Now, anyone who knows me knows that I enjoy nothing more than tearing around a forest on my mountain bike (preferably downhill of course … I’m not that athletic). Since damaging my knee I’ve been asked something like: “Woah, dude, how’d you do it?” many, many times. My immediate urge is to lie through my teeth and tell whoever’s willing to listen I stacked it massively in the middle of a really gnarly run down the Fruit Loop, but the sad truth is I slipped on wet concrete and kahawai guts in my mate’s neighbour’s garage while cleaning up after an afternoon’s fishing. Bugger. Sorry to shatter your illusions, dear readers. I’m just a spazzy geek after all.

The other sad thing I have to report was last week’s Computerworld Expo. Actually, I ought to qualify that before I get myself into trouble … the show itself was great — what was sad was the lack of schwag. Schwag? You know, it’s the stuff that Wired magazine called “customised ready-made apparel and products”, the promotional stuff that gets given away at trade shows. There was, in fact, such a lack of good-quality schwag at this year’s Computerworld Expo that I’m currently really worried about the health of the New Zealand IT industry.

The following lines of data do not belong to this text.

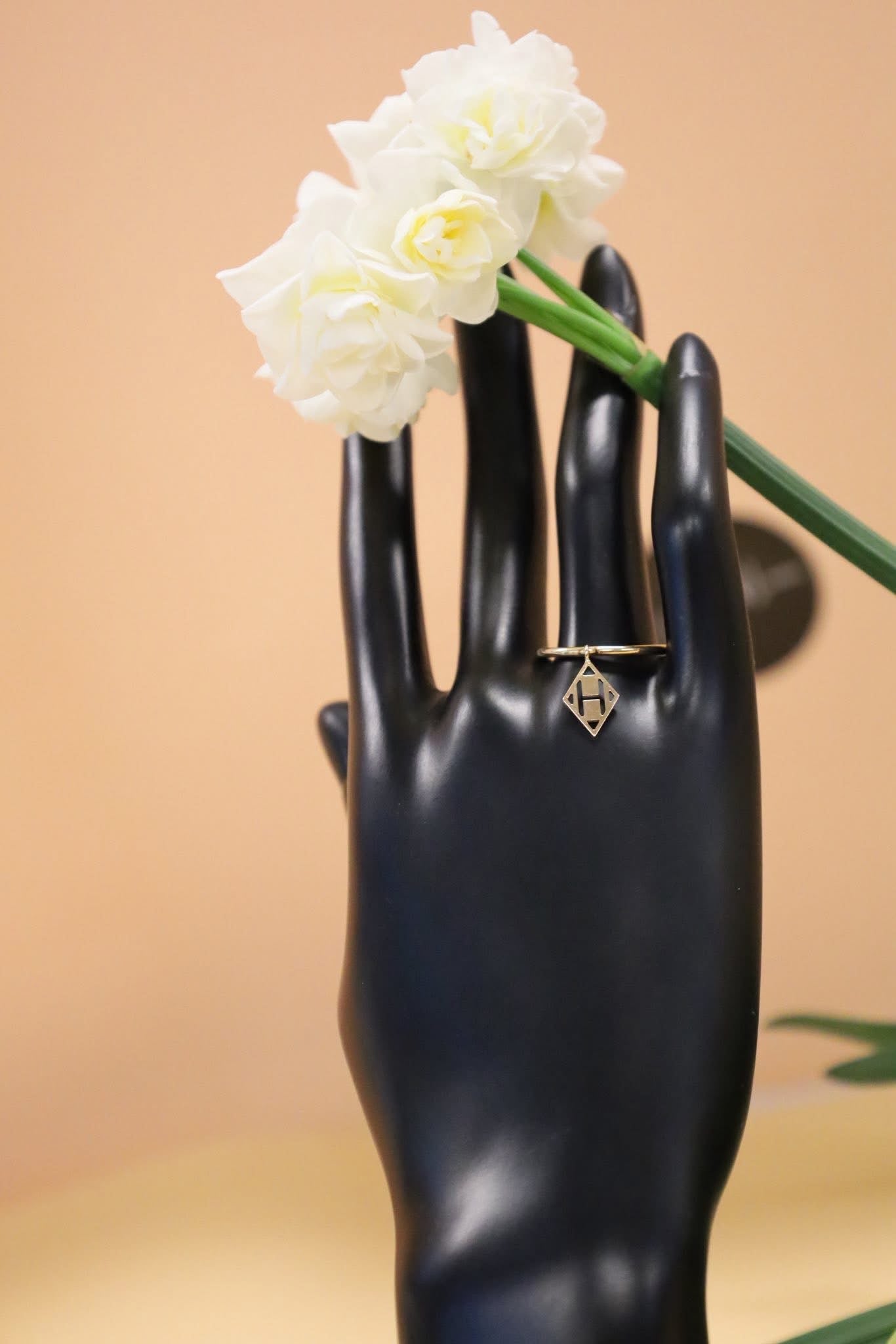 HERMES RING BAGUE GAMBADE 18Kt GOLD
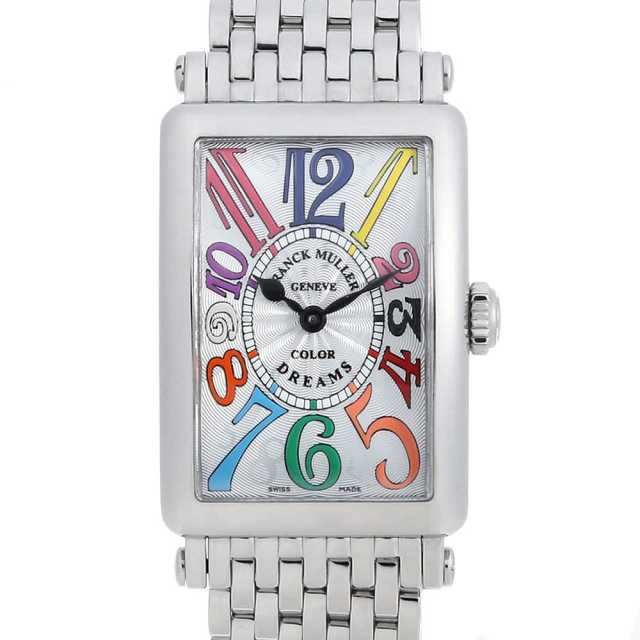 フランクミュラー ロングアイランド 902QZ COLOR DREAMS OAC レディース 中古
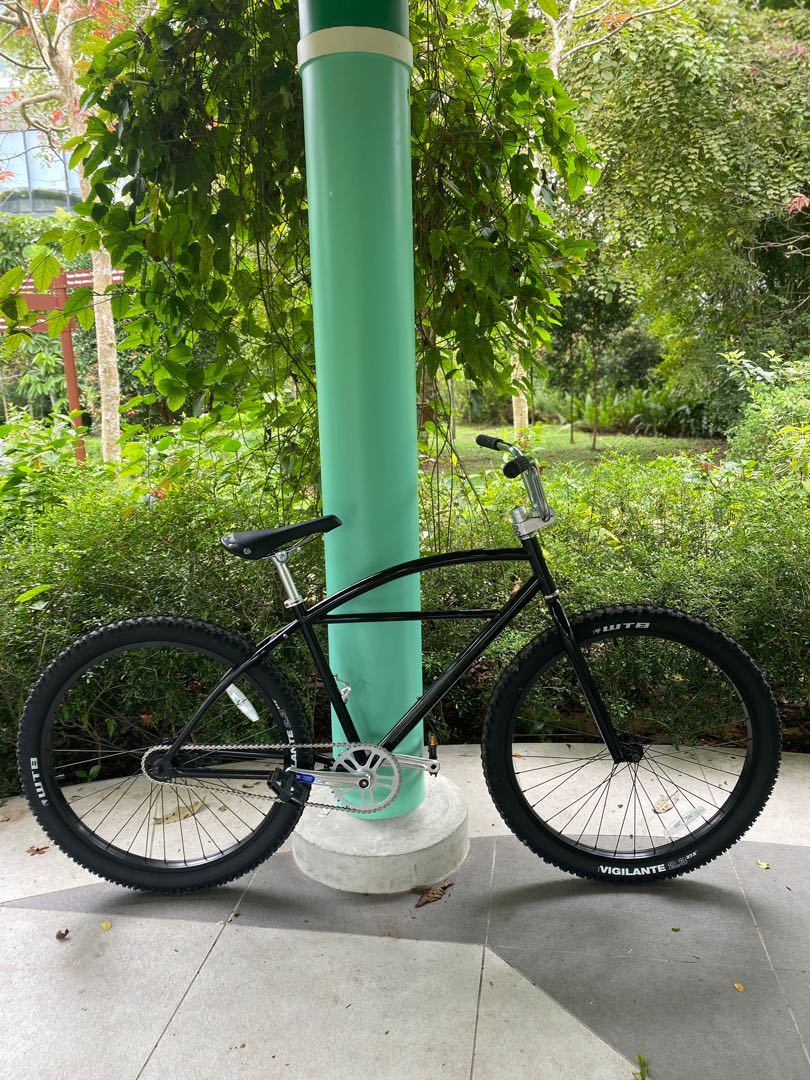 what is a klunker bike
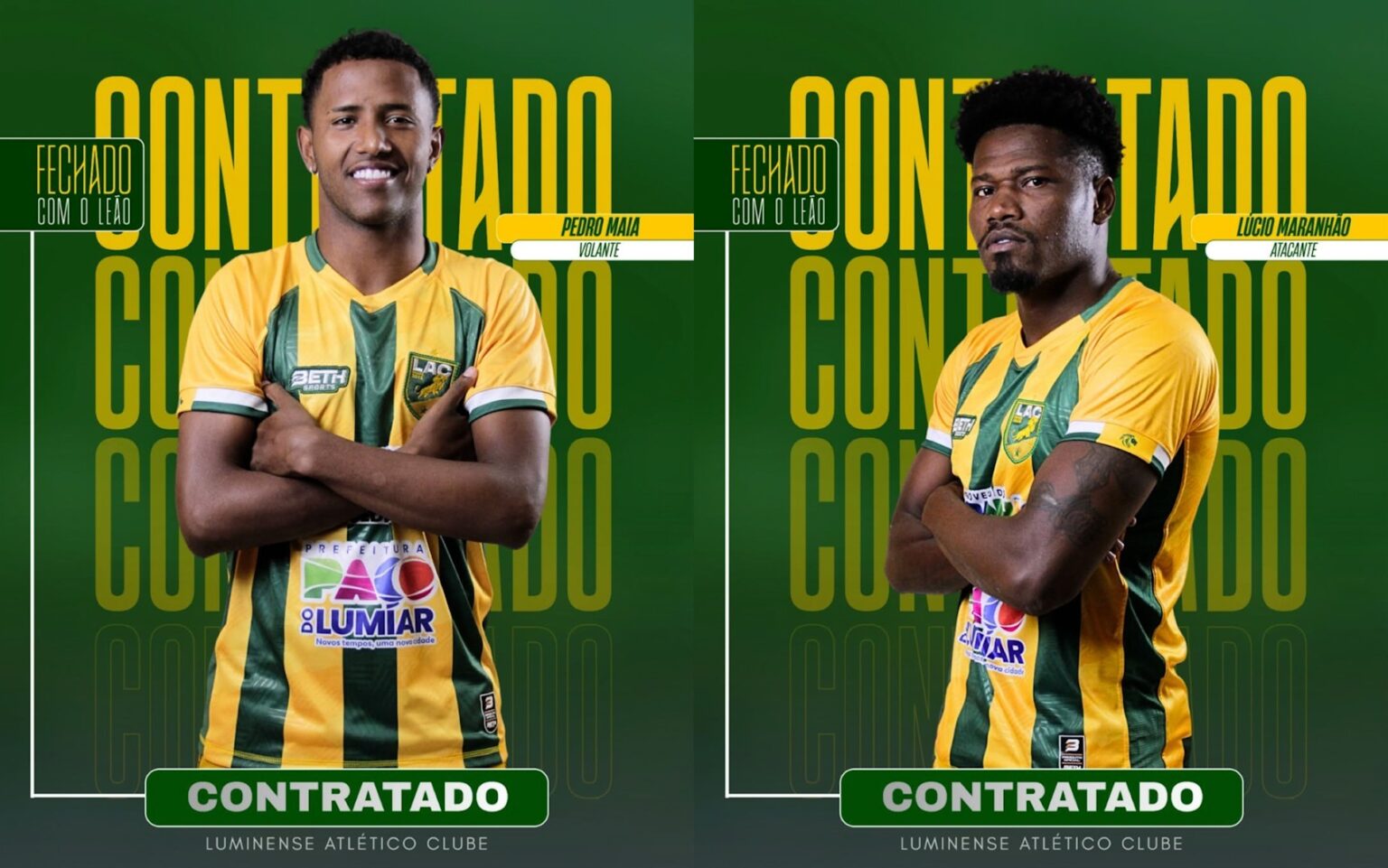 Luminense Apresenta Novos Reforços para a Temporada 2026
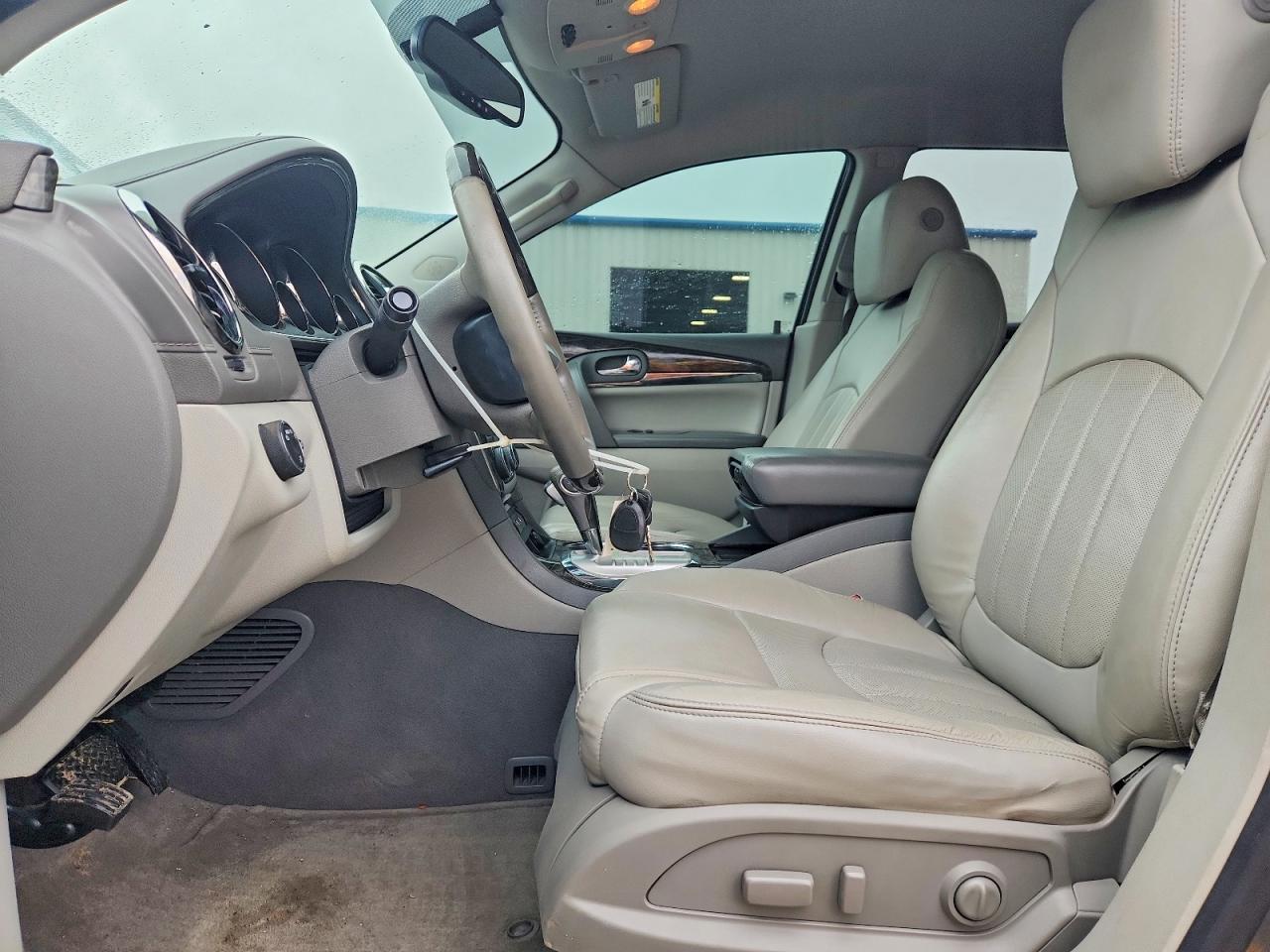 2014 Buick Enclave Charcoal vin: 5GAKRBKD5EJ260021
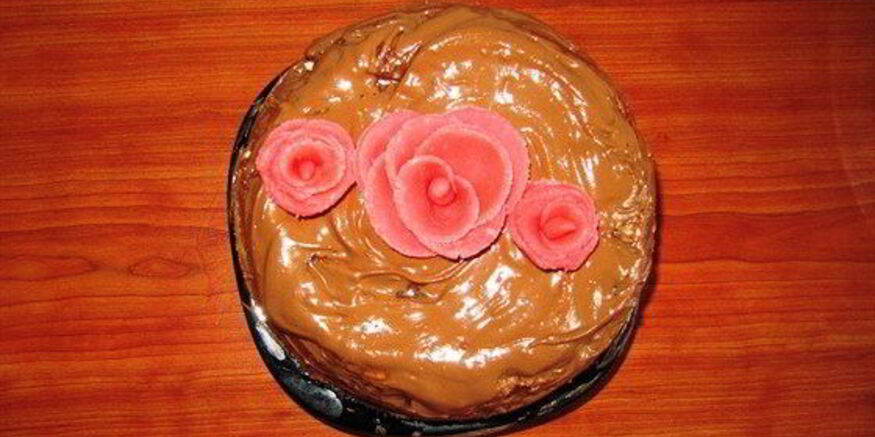 Рецепт шарлотки в шоколаде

What is it with geeks and schwag anyway? How is it that we can never, ever have enough badges, pens, mouse pads, mugs, t-shirts, baseball caps and stress-relieving squeezy things? In some societies an individual’s wealth and importance is judged by the number of cows, chickens or goats they own. In the geek world, it all comes down to schwag. Quality is important — bosses get the good stuff like clothes and Mont Blanc pens and workers get the crap. Of course, the brand name stencilled on the side matters too — office battle lines get drawn between the people who have Oracle schwag and those who have Microsoft schwag.

Yes folks, without schwag life just isn’t the same. Sigh.